*Data to process*
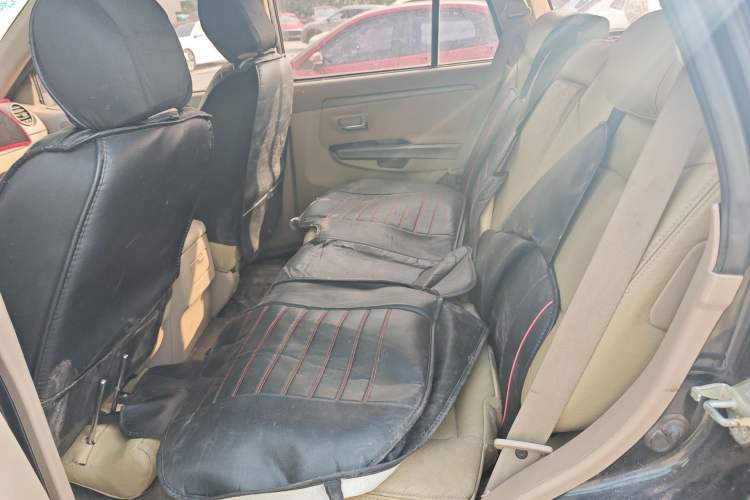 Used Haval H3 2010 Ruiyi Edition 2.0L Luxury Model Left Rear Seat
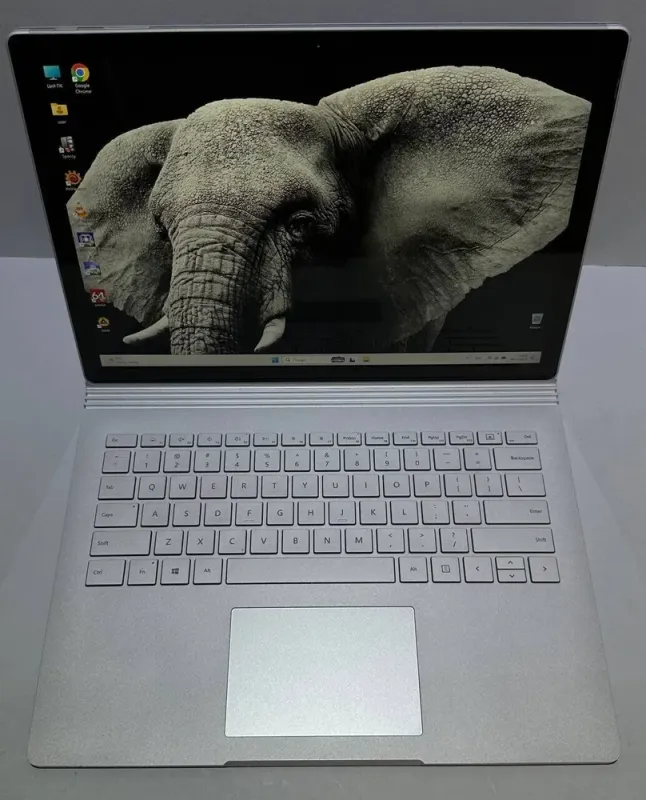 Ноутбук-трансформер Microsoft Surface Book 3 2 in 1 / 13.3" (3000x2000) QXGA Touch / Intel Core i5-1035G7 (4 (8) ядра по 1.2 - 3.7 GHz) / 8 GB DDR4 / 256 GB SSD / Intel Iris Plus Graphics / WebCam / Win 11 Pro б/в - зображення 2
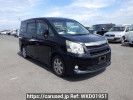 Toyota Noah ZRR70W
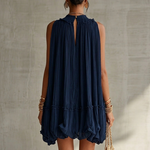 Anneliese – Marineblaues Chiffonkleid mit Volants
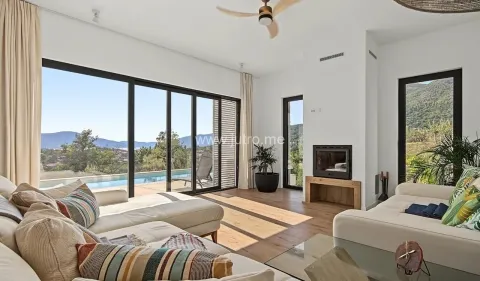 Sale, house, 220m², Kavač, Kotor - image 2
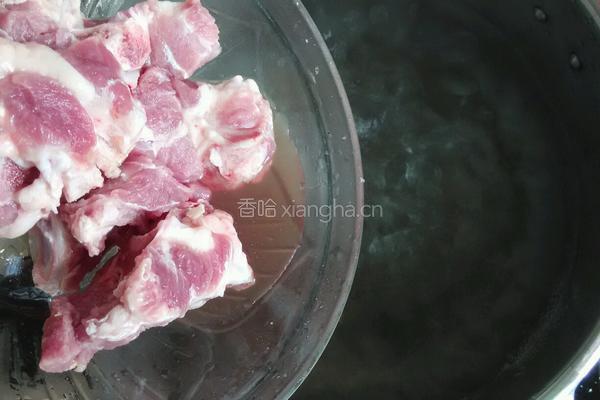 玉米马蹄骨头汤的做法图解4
==
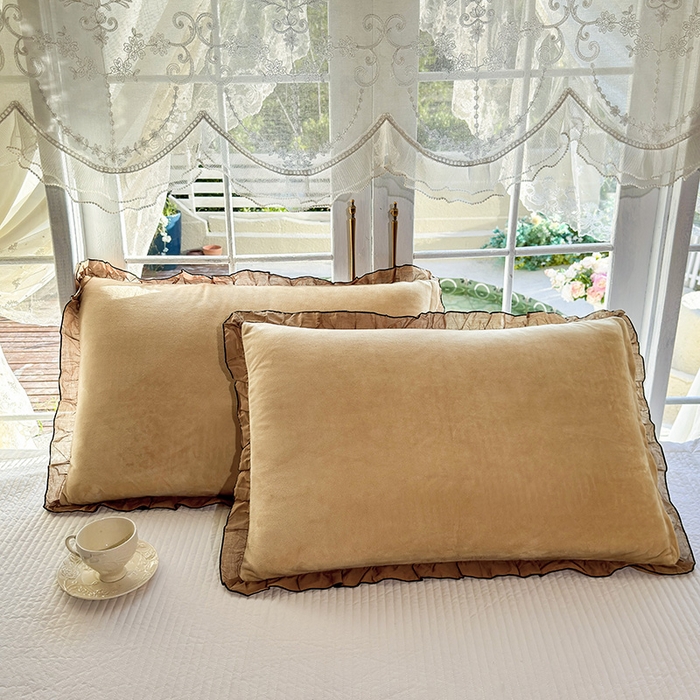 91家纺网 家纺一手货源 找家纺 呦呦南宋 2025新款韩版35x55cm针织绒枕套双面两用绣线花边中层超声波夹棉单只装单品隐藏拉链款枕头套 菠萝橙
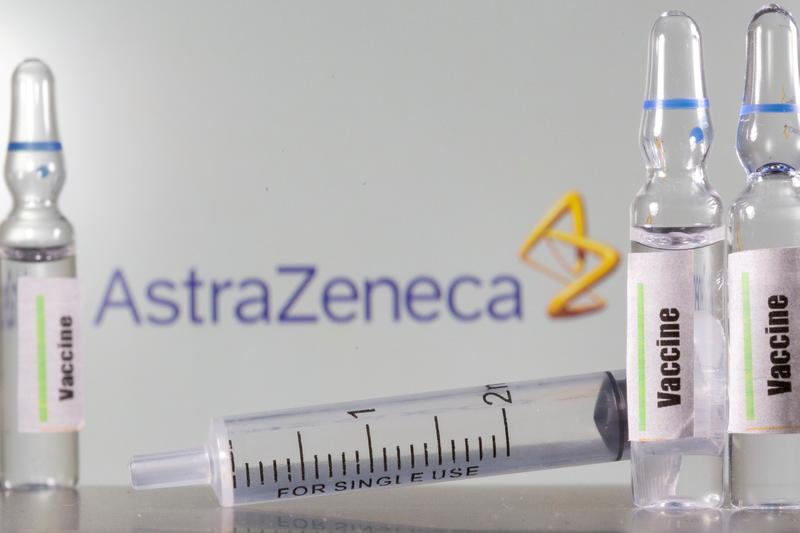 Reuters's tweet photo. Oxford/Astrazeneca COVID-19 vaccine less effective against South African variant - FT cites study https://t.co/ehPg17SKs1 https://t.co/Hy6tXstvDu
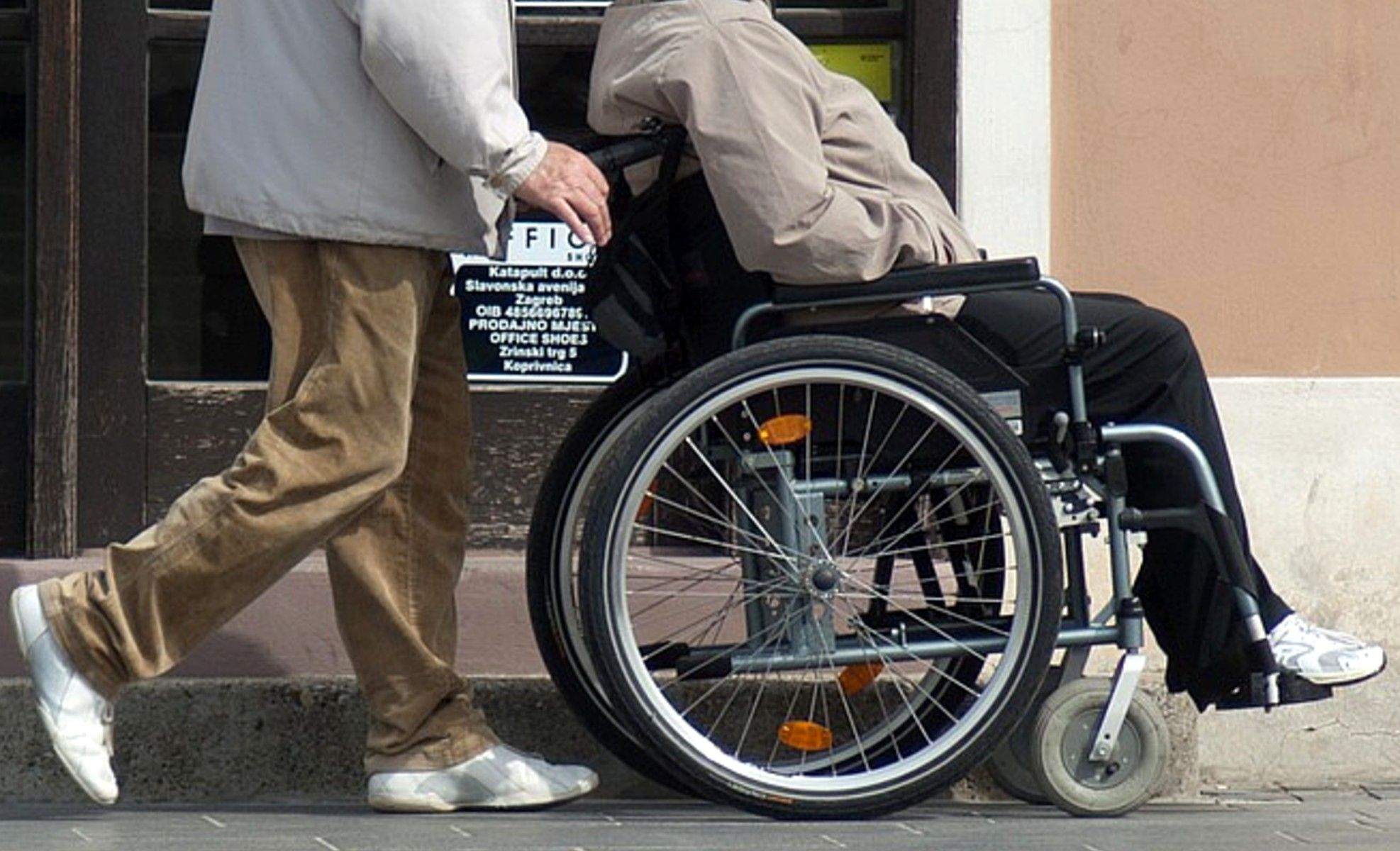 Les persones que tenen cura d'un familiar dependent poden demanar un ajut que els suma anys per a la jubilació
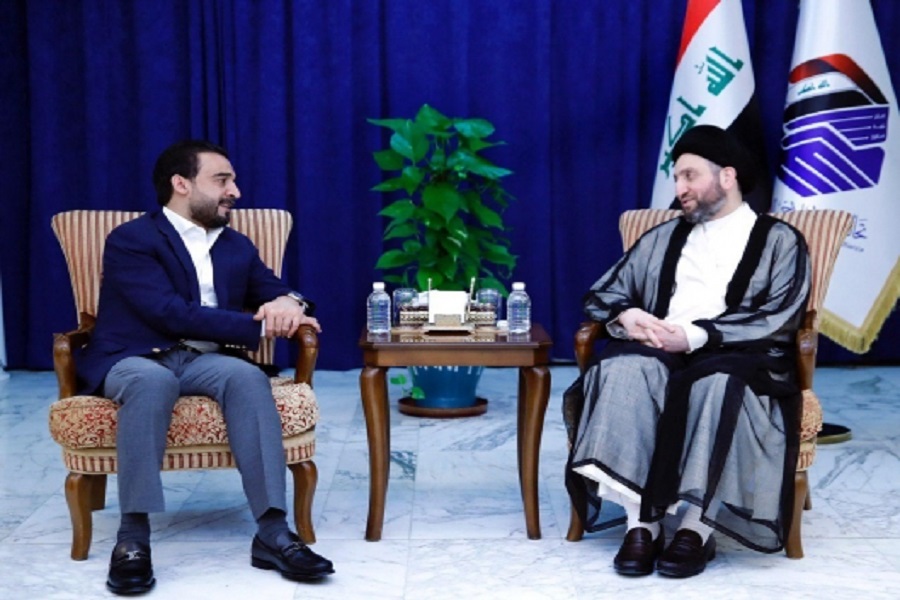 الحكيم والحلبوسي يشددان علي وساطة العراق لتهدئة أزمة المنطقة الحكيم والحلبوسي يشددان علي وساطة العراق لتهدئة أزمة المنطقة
==
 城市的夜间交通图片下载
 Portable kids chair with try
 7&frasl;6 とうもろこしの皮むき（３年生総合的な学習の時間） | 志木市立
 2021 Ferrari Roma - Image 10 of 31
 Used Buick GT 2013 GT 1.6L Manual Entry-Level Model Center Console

*What the exercise asks*
Above are the records; copy from them only the lines starting at the one containing "Reuters's tweet photo." and ending at the one containing "أزمة المنطقة الحكيم", exactly and without pictures.

*Response to this exercise*
 Reuters's tweet photo. Oxford/Astrazeneca COVID-19 vaccine less effective against South African variant - FT cites study https://t.co/ehPg17SKs1 https://t.co/Hy6tXstvDu
 Les persones que tenen cura d'un familiar dependent poden demanar un ajut que els suma anys per a la jubilació
 الحكيم والحلبوسي يشددان علي وساطة العراق لتهدئة أزمة المنطقة الحكيم والحلبوسي يشددان علي وساطة العراق لتهدئة أزمة المنطقة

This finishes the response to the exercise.